Ora il governo danese ha presentato un nuovo piano energetico nazionale sotto la guida del Ministro per l’energia ed il clima, Martin Lidegaard. Gli obiettivi sono davvero ambiziosi: entro il 2020 si punta alla copertura del 35% del fabbisogno energetico attraverso le fonti rinnovabili, mentre entro il 2050 si vorrebbe eliminare del tutto l’utilizzo dei combustibili fossili.
Dunque quello che precedentemente era una mera manifestazione di intenzioni è diventato un piano.
Lidegaard ha dichiarato che questo piano è “il più ampio, il più ecologico e il più duraturo nel tempo” fra quelli presentati dagli altri governi.
Si stima che attraverso questi interventi si otterrà per il 2020 una riduzione delle emissioni di diossido di carbonio pari al 34% rispetto ai livelli toccati nel 1990, mentre per quanto riguarda il consumo energetico si aspira ad una riduzione del 12% rispetto ai valori del 2006.
Il Paese sfrutterà al massimo il settore dell’eolico, ma particolare attenzione verrà data anche al biogas e alla costruzione di reti intelligenti. Questi sono i tre pilastri del piano con cui la Danimarca pensa di raggiungere i target.

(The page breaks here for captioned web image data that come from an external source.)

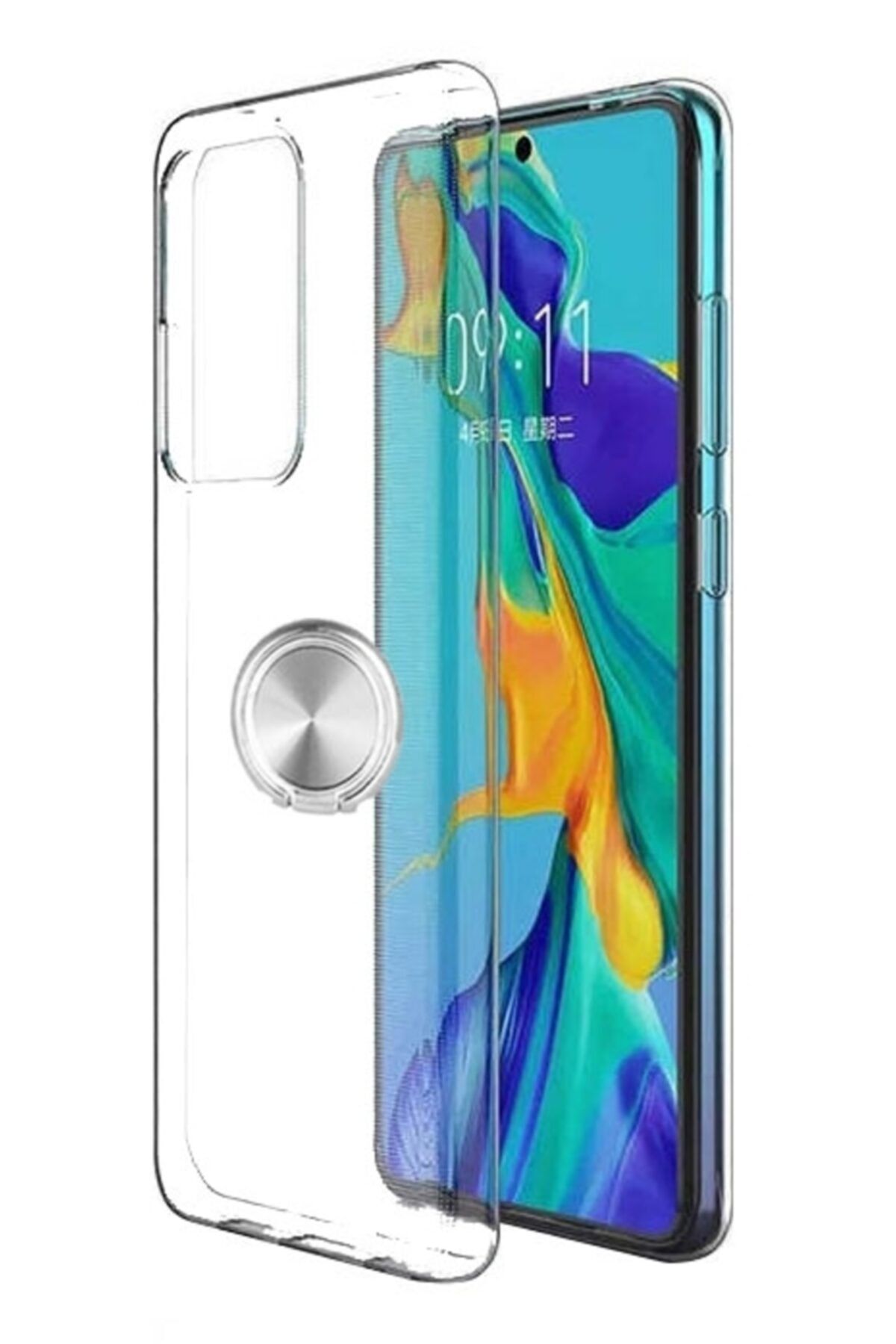 Mobilcadde Eiroo Ring Crystal Samsung Galaxy S10 Lite Silver Yüzüklü Silikon Kılıf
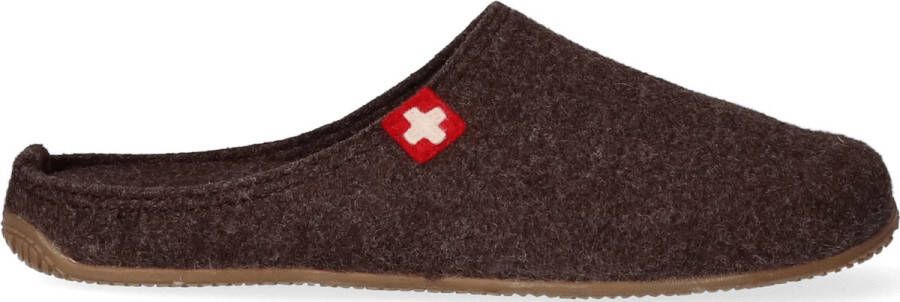 Living Kitzbühel Pantoffels Schweizer Kreuz 3886 289 Dark Oak Bruin Wolvilt LK38860289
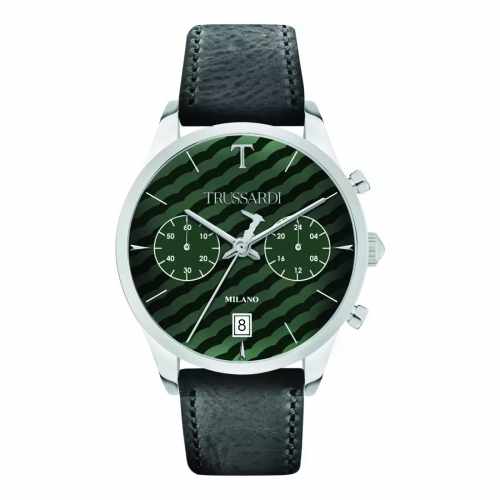 Trussardi T-genus 40mm chr green dial black strap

La valenza strategica del piano energetico danese è chiara: da un lato consentirà di combattere l’aumento dei prezzi del petrolio liberando la Danimarca dalla dipendenza nei confronti dei combustibili fossili, dall’altro attraverso l’incentivazione delle rinnovabili si creeranno nuovi posti di lavoro e si darà modo a molti giovani di trovare impiego in un settore che si spera prenda definitivamente il lancio, favorendo la creazione di una filiera nazionale.
Non dovrebbe essere anche un esempio anche per un paese come il nostro, tra l’altro assai dipendente dall’estero dal punto di vista energetico?